Fog is common in the region in the autumn and winter, as moist Pacific air moves inland, cools, and sinks into the vast valley between the Cascade Mountains and the Oregon Coast Range. As that air gives up its heat to the upper atmosphere, the layer near the surface becomes saturated and essentially forms clouds at ground level.
Such fog has been locked in the Willamette Valley for several long stretches in January and February 2022 due to temperature inversions, where warm air high in the atmosphere moved in over the cooler, denser air in the lowlands. Normally, temperatures are warmer at the land surface, cooling higher up in the sky. This allows for most of the rising air and pollutants to continue to disperse out into the atmosphere. But an inversion acts like an atmospheric “lid” that can trap moisture and air pollution in a valley for days.

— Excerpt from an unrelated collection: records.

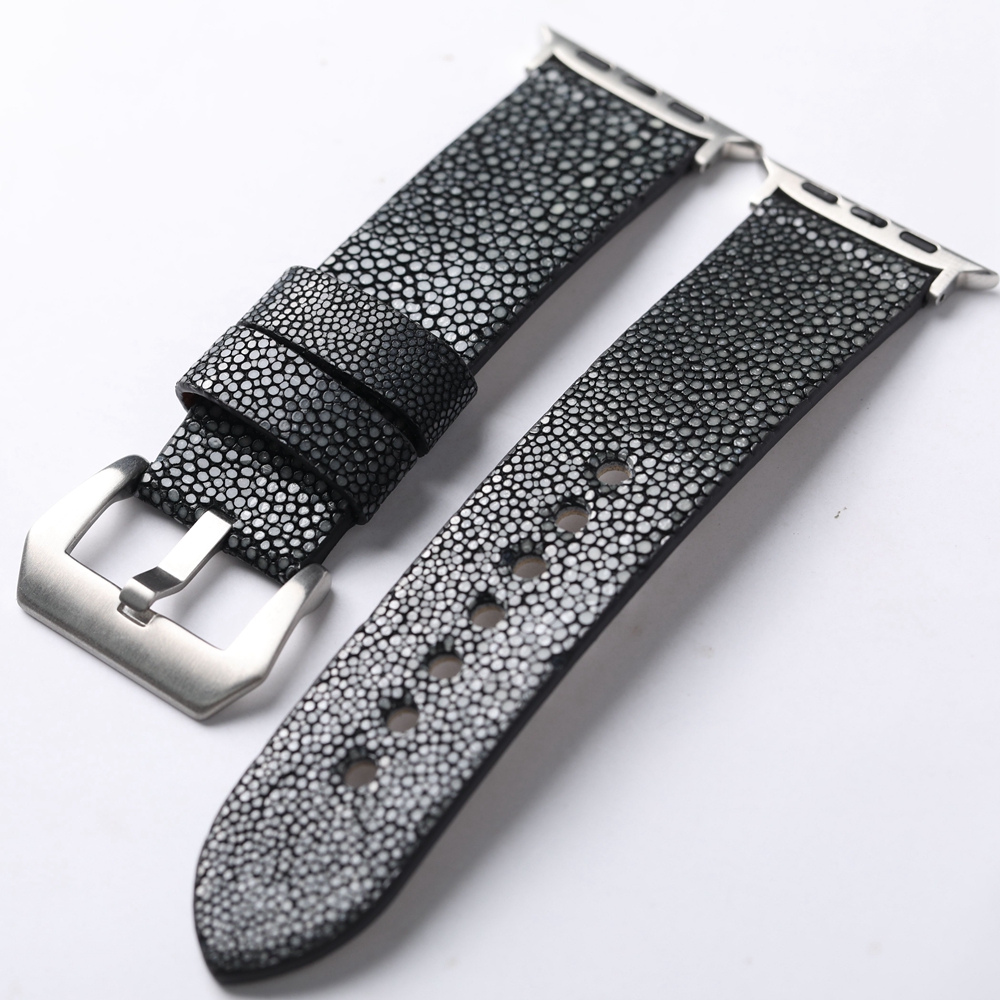 Handmade Devil fish Pearl Fish Leather Watchband For iWatch Apple watch 49MM 46MM 45MM 42mm s10 Ultra men's bracelet vintage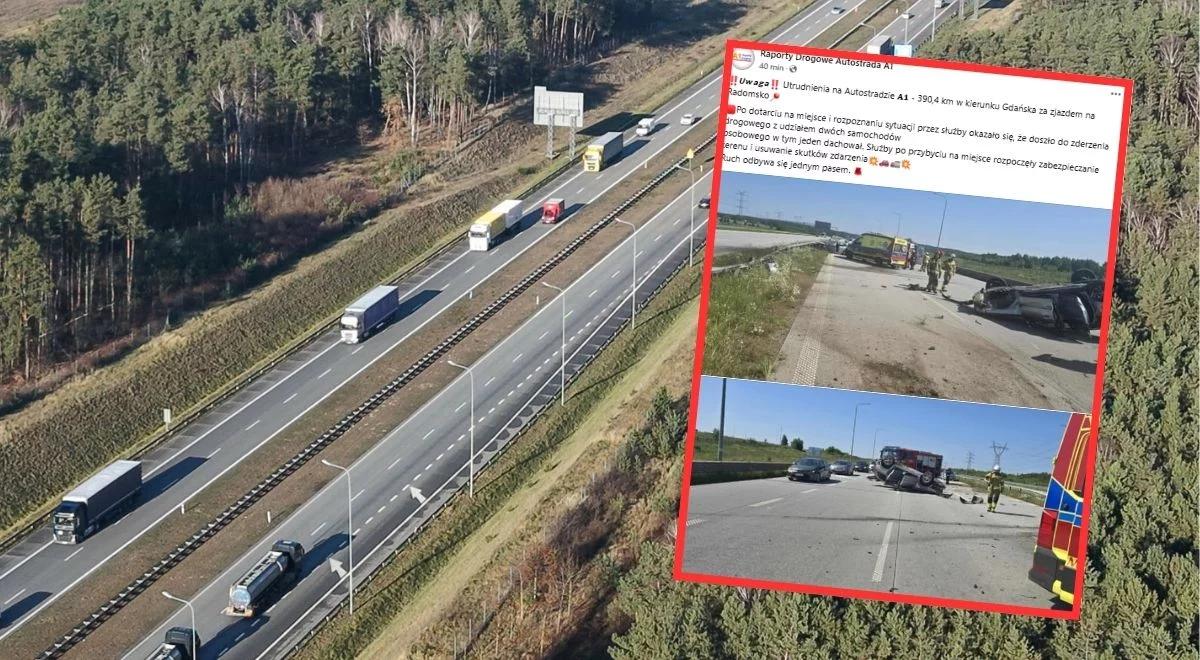Groźny wypadek na A1 koło Radomska. Auto do góry kołami, dwie osoby ranne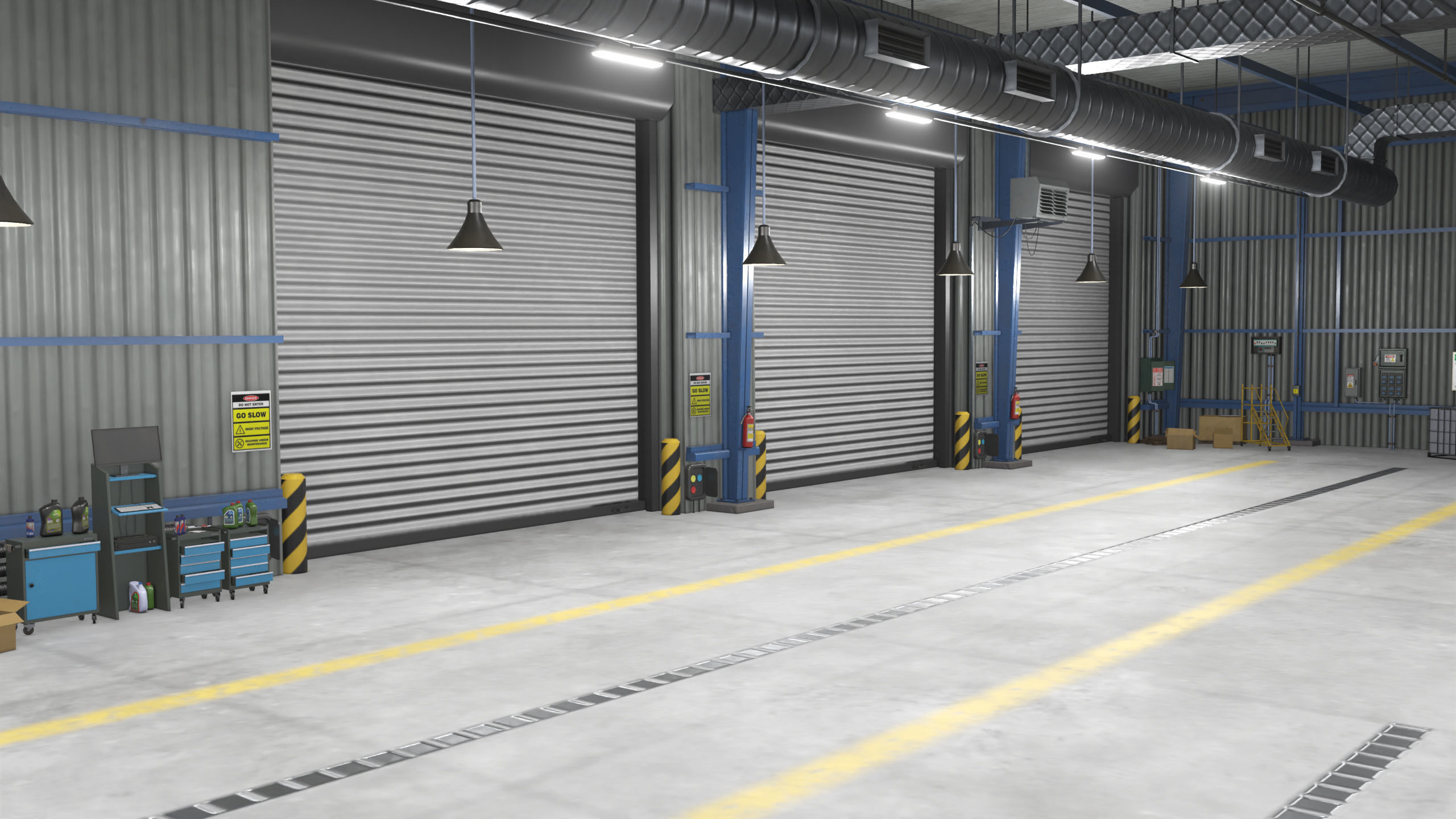 Truck Repair Workshop Interior 01 All PBR Unity UE Textures Low-poly 3D model_22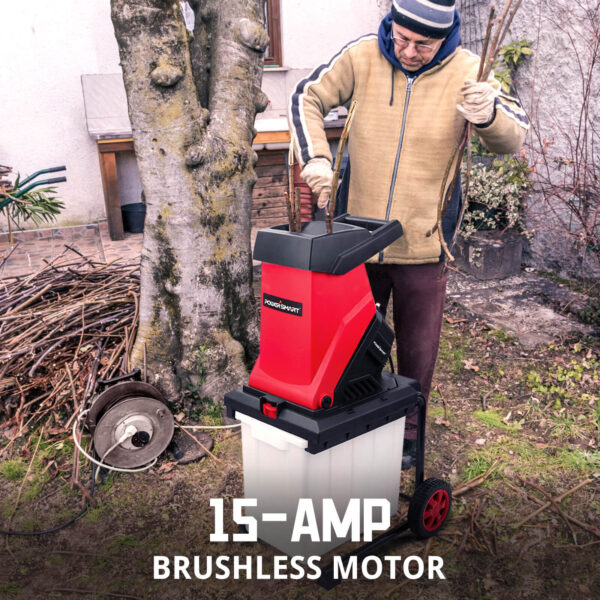 15Amp Electric Wood Chipper Leaf Mulcher w/ Collection Bin PS12A - Image 3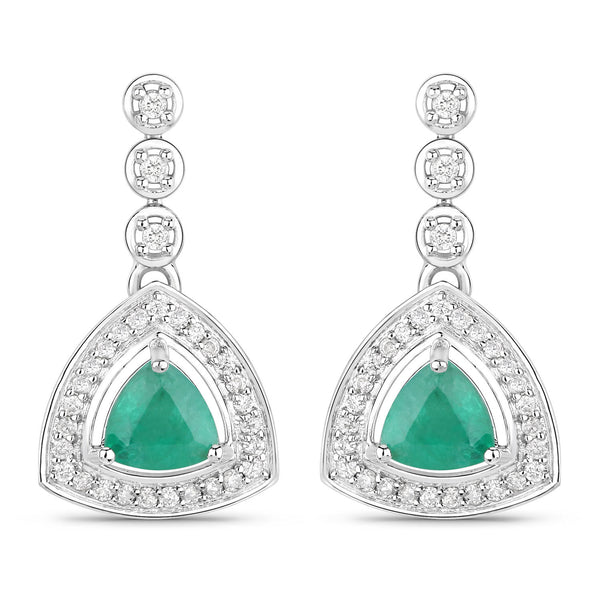 1.39 Carat Genuine Zambian Emerald and White Diamond 14K White Gold Earrings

On February 10, 2022, the Operational Land Imager-2 (OLI-2) on Landsat 9 acquired these natural- and false-color views of thick fog in the Willamette Valley. The false-color image was composed from shortwave infrared, near-infrared, and red light (OLI-2 bands 6-5-4). Scientists turn to these wavelengths to distinguish clouds (white and pink) from snow and ice (cyan).
Oregon has already seen at least three extended periods of valley fog in 2022, as observed by the Moderate Resolution Imaging Spectroradiometer (MODIS) on NASA’s Terra satellite from February 8-12, January 22-29, and January 14-17.
Fog is essentially a low-lying cloud composed of tiny water droplets suspended in the air. As nights lengthen with the season, the atmosphere has more time to cool down and approach the dew point—the temperature at which the air becomes saturated and water vapor condenses into fog. Since cold, moist air is denser than warm air, it sinks and drains into valleys, meaning fog develops there first. Many valleys like the Willamette also have rivers and streams that amplify the fog with a ready supply of moisture.
Fog can pose serious risks for drivers. Fog-related traffic accidents typically cause more deaths in the United States each year than other high-profile weather events like heat waves, tornadoes, and floods, according to data from the National Weather Service and the Federal Highway Administration. The foggiest parts of the United States, including Oregon, see dense fog at least 40 days per year.
NASA Earth Observatory images by Joshua Stevens, using Landsat data from the U.S. Geological Survey. Story by Michael Carlowicz and Adam Voiland.
View this area in EO Explorer
Oregon’s Willamette Valley had endured several long stretches of thick fog in January and February 2022 due to temperature inversions."
Source: NASA Earth Observatory
Remembering long drives to California in the distant past, Oregon was about 400 km of potential fog. This photo published last year brought back memories.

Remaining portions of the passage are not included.